After a key indicator of manufacturing health fell to a 9-month low yesterday, Keith Bradsher of The New York Times details the mounting inventories of unsold goods weighing on Chinese businesses:
The glut of everything from steel and household appliances to cars and apartments is hampering China’s efforts to emerge from a sharp economic slowdown. It has also produced a series of price wars and has led manufacturers to redouble efforts to export what they cannot sell at home.
The severity of China’s inventory overhang has been carefully masked by the blocking or adjusting of economic data by the Chinese government — all part of an effort to prop up confidence in the economy among business managers and investors.

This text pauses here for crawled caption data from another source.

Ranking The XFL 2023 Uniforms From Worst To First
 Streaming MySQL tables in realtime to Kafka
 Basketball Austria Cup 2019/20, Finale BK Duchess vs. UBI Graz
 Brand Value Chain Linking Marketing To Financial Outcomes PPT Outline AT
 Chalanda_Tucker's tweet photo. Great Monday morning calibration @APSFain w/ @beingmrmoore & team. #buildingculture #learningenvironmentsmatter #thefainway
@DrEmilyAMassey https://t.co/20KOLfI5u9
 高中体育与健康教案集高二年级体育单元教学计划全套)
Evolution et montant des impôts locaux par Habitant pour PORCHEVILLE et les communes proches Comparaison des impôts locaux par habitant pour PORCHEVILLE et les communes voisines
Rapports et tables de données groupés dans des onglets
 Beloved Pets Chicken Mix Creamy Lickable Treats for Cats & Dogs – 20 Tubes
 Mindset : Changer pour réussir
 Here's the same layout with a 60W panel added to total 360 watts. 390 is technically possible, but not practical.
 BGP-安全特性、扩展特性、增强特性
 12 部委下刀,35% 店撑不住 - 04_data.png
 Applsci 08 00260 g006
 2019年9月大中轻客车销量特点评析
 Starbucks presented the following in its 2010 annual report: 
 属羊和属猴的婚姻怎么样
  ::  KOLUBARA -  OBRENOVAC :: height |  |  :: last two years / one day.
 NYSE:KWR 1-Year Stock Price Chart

But the main nongovernment survey of manufacturers in China showed on Thursday that inventories of finished goods rose much faster in August than in any month since the survey began in April 2004. The previous record for rising inventories, according to the HSBC/Markit survey, had been set in June. May and July also showed increases.
For The Globe and Mail, Mark MacKinnon writes that output woes in China and Europe have sent the world’s central banks scrambling for answers:
This latest batch of troubling signals – combined with fresh worries about the damage wreaked by the burgeoning European debt crisis – has triggered a selloff in global equity markets. As well, central banks in China, the United States and Europe are being called on to ride to the rescue with more stimulus and bailout measures.
The trouble in the world’s workshops stems from the recession in Western Europe amid a spreading debt crisis and the stumbling recovery in the United States.
China, once viewed as the saviour that would reignite global growth, has not been able to replace falling demand from the United States and the European Union, by far its biggest customers, to keep its export-driven manufacturing machine humming.